Dive Brief:
- Apartment sales fell 17% to $294.1 billion in 2022, according to a report that data firm MSCI Real Assets shared with Multifamily Dive.
- The fourth quarter wasn’t kind to the apartment industry, when the segment saw a 69% decrease in sales to $50.4 billion. Still, the sector posted the highest volume of any commercial real estate segment for the year.
- Multifamily prices fell 1.9% from November to December, representing the largest decline in commercial real estate, according to MSCI. Annual growth fell from more than 20% earlier in the year to 1.8% in December.
Dive Insight:
Sale volume for garden apartments fell 18% during 2022, while mid- and high-rise properties experienced a 15% decline. Garden prices rose 4% year over year, and mid- and high-rise saw a decline of 3%. MSCI said that was the largest decline for the segment since 2010.

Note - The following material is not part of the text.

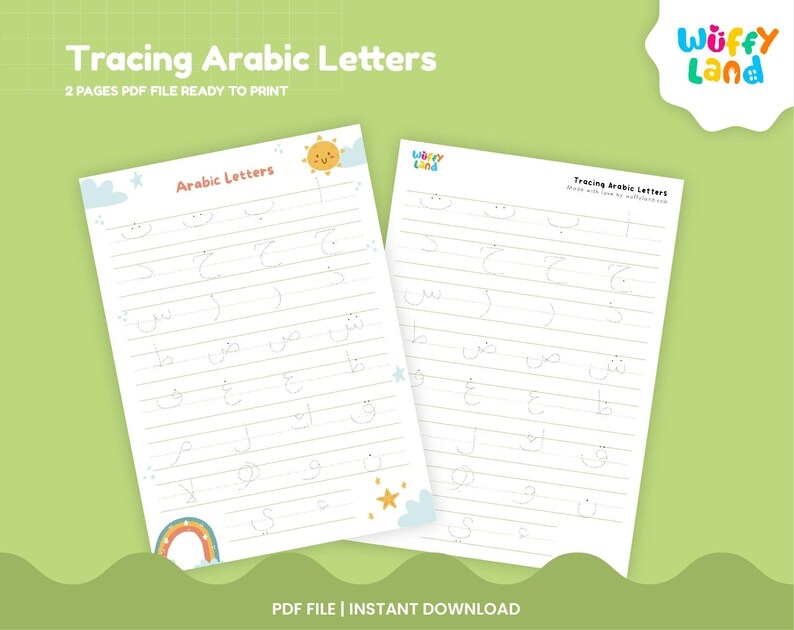 Arabic Alphabet Tracing Sheet Tracing Alphabets Workbooks Etsy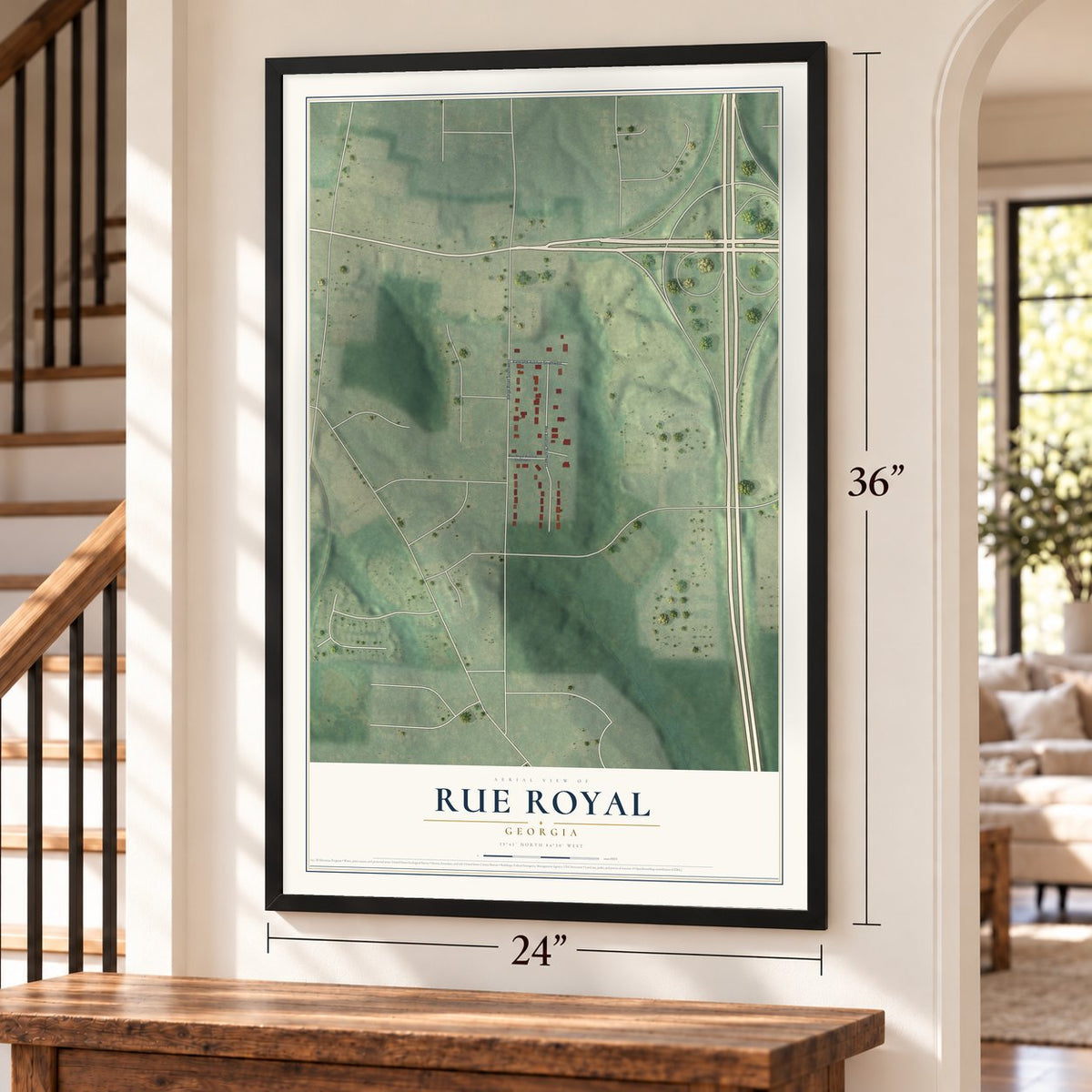 Rue Royal, Georgia map, 24 x 36 inch print in a black frame by a staircase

The culprit behind falling prices and declining sales was rising interest rates, which increased costs for borrowers.
“Obviously, the Fed was hiking funds,” said Thomas Carroll, founder and CEO of Charleston, South Carolina-based owner and manager Ballast Rock Group. “At the same time, that was driving what's going on in the long end of the market, which ultimately drives our cost of borrowing.”
As that happened, owners were unlikely to give major discounts to offset these higher costs unless they were forced to sell. “Sellers were not being realistic and adjusting cap rates in line with the increased cost of borrowing,” Carroll said.
The disconnect between buyer and seller expectations is why some companies, like Ballast Rock Group, briefly stopped buying. “We actually entirely paused acquisitions for about six months during 2022,” Carroll said.
However, Carroll got back into the market in October. “By the end of the year, we started to see sellers, on occasion, being a bit more realistic,” he said.
Still, Carroll hasn’t seen widespread discounts, which is probably why prices only fell 1.9%.
“Most sellers are still expecting to sell at 2021 prices, and buyers are not willing to buy at 2021 prices because they can't make the math work on their financing,” he said.
In 2023, Caroll thinks he will be able to make some opportunistic buys but could also see rate hikes ending, which would stabilize pricing. Others think there will be more distressed sales, further eroding pricing.
As people have to put in cash to refinance their properties because interest rates have gone up, Adam David Lynd, president and CEO of Shavano Park, Texas-based apartment developer, manager and owner The Lynd Group, thinks there will be more forced sales.
“When you force the sale, you’re going to sell at higher cap rates,” Lynd said. “The minute the appraisers have those cap rates they can point to, everyone's values go [down] immediately.”